There’s joy enough in
sharing our space with such wonderful creatures, but we also gain their
services as grass removers. I could say lawnmowers, but that would imply that our
bit of grass is lawn-like. They even re-process said grass in a pelletised form
of manure. On the debit side we do lose the unprotected foliage of any tasty
plants in our garden. They have even developed a taste for bay leaves and
lemons. Still, overall we’re happy with the balance sheet between us.
[A tell-tale wallaby scat in the garden] |
Beyond our fence the
bush is criss-crossed with wallaby tracks. They intersect with human bush tracks
at various points, and reveal an instructive contrast. Where the human tracks
tend to be linear, grid-like, the wallaby tracks (also called “pads”) at first
appear rather random. But follow the pads for a while and you’ll often find
they have a clever efficiency about them.
Where there is
water to be found, the pads move neatly across the slope – diagonally where
necessary – from shelter or food to the water source. Rarely are the tracks
steeply straight up or down the slope. Often they are through, or close to, any sheltering foliage.
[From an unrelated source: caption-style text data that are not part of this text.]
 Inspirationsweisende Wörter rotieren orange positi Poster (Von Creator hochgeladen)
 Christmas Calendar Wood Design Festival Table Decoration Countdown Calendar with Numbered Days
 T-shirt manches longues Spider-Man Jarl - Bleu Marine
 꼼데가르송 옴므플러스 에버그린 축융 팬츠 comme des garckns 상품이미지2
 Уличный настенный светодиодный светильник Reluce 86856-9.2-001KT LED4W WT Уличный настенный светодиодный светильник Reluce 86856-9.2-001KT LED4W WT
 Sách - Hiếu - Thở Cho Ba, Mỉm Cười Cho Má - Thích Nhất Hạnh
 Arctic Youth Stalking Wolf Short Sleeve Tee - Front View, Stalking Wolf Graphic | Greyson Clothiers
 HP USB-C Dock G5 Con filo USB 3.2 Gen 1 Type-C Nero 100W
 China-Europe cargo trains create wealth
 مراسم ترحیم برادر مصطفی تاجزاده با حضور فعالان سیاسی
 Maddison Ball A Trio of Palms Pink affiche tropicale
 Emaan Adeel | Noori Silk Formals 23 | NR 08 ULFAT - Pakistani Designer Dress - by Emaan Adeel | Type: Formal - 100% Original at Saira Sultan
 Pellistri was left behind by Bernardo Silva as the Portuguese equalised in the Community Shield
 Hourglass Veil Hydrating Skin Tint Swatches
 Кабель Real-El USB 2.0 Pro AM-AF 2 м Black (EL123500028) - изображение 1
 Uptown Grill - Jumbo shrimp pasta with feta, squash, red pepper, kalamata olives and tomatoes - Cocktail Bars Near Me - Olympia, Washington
[A wallaby pad crosses a slope in our local bush] |
Bushwalking is my
preferred form of going “on the wallaby”. My “bluey” is a backpack; my swag a
sleeping bag and tent; my “toil” is to struggle up a mountain, around a lake or through a canyon. These places pay me back in a currency that can’t be counted.
In more remote
parts of Tasmania I'll confess I've occasionally become confused between human tracks and animal pads, and have found myself literally on the wallaby (tracks). Given the multi-generational nature of animal movements, such animal pads can
be a well-worn and efficient means of getting from one place to another.
But there are a
couple of caveats for following
pads. Firstly I’ll want to know that the wallaby (or wombat, or whatever) was
wanting to go the same way as I am. And secondly I’ll want to be sure I can
actually, physically, follow their track. Wombats and pademelons in particular
are very good at finding their way beneath and through thick bush. I’ve found
to my cost that I’m next-to-useless at doing the same while wearing a large
backpack. As Lawson could have told me, it's not always easy being on the wallaby.